Je vous vomis au nom de ces anges , oh combien je vous vomis…

Je vous vomis au nom de ces anges qui sont partis, sans même voir le jour, sans même attendre quoi que ce soit de ce maudit pays. Je vous vomis au nom des mères qui ont vu grossir leur ventre, qui ont attendu des mois pour enlacer leur bébé, leur donner le sein et un nom, les voir pousser la première dent, dire le premier mot et grandir.
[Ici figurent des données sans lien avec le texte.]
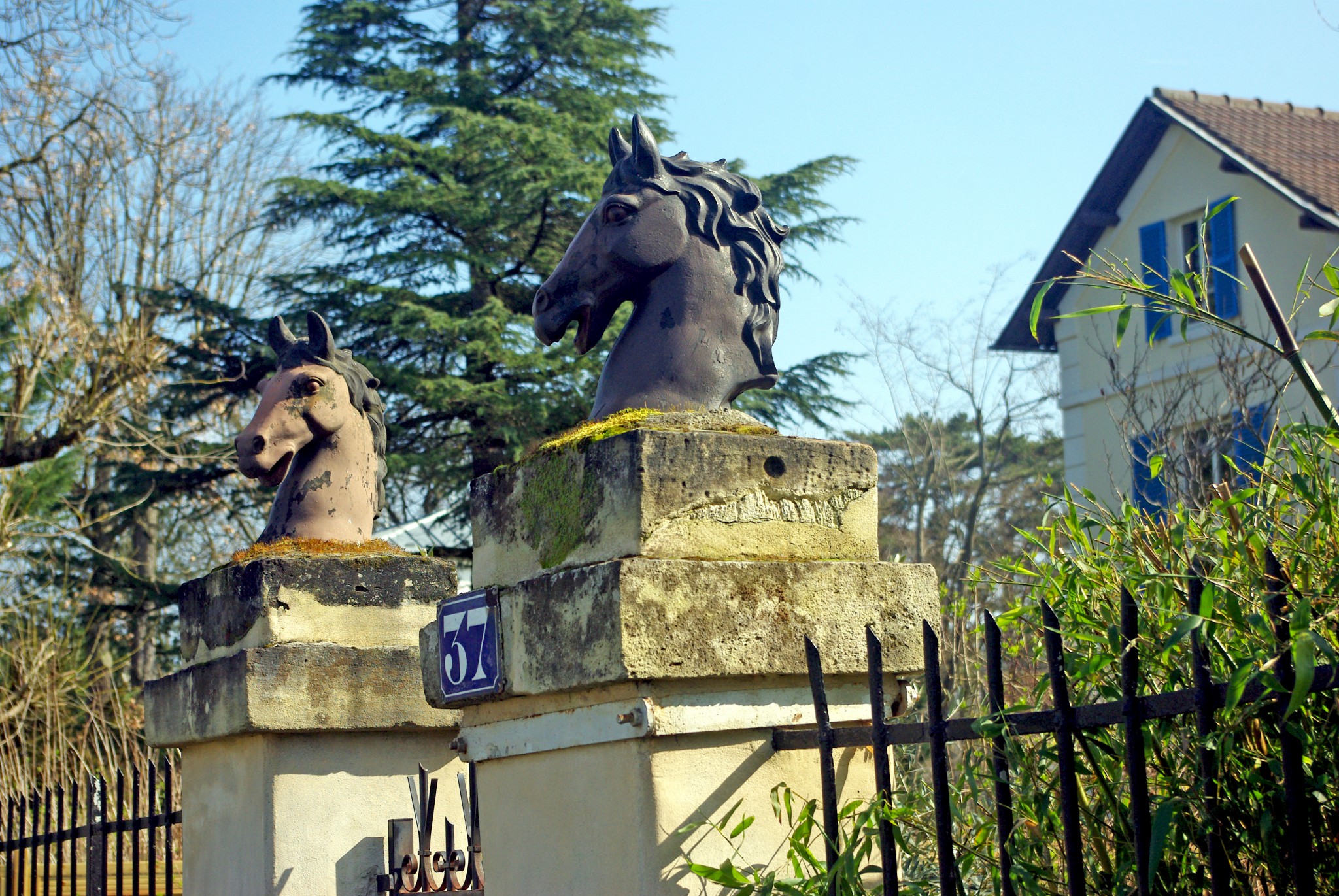 March in Maisons-Laffitte 12 © French Moments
Je vous vomis au nom de toutes et tous ceux qui meurent de misère et de maladie dans la nonchalance, les bouches cousus, les complots, la corruption, les guerres politiques intestines, les égos surdimensionnés, les âmes vendues, et la course acharnée en quête du pouvoir, une course où vous êtes capables de tout piétiner sur votre chemin.
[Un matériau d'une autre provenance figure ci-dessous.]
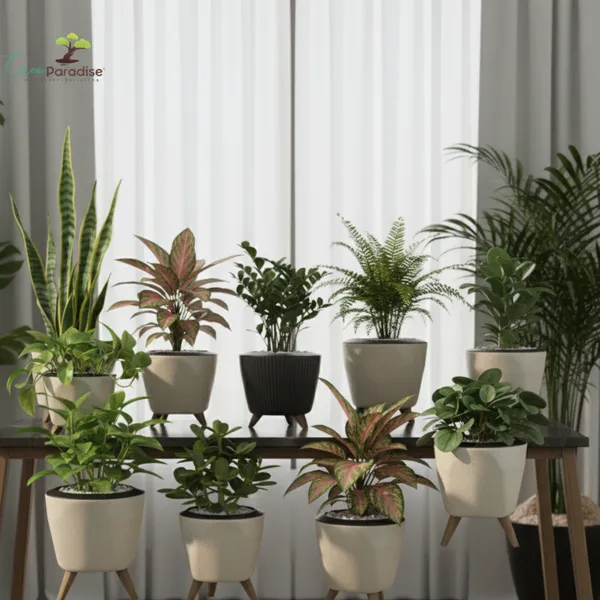 Green_Paradise_Premium_Plastic_Pot_Durable_Lightweight_Planters_10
Je vous vomis au non de toutes les citoyennes et tous les citoyens qui meurent tous les jours par petit bout, de tristesse, de désespérance, de dégoût, de douleur, qui sont écorchés par ce cycle fou et insoutenable qui s’étale depuis huit ans et qui annonce tous les jours un drame, une tragédie, un malheur, qui annonce la Mort et qui nous traîne de deuil en deuil. Je vous vomis, oh combien je vous vomis parce que ces nouveaux nés morts, racontent l’histoire d’une autre Tunisie possible, assassinée le jour où elle est née. Je vous vomis de toutes mes tripes, de tous mes mots, de toute ma bouche, parce que vous avez rendu ce pays invivable, vous avez empoisonné notre quotidien, violé nos petites joies, torpillé nos humbles habitudes, exaspéré nos rêves, suicidé nos espoirs et métastasé notre printemps. Ces nouveaux nés enveloppés de blanc, qui dorment dans des cartons, hanteront vos jours et vos nuits, et marqueront l’histoire d’un pays qui tue ses enfants.
Je vous vomis, oh combien je vous vomis, et je me demande si un jour, on ne va pas se retrouver dans des cartons plus grands, aussi grands que nos tailles, aussi grands que nos rêves, aussi grands que notre Patrie.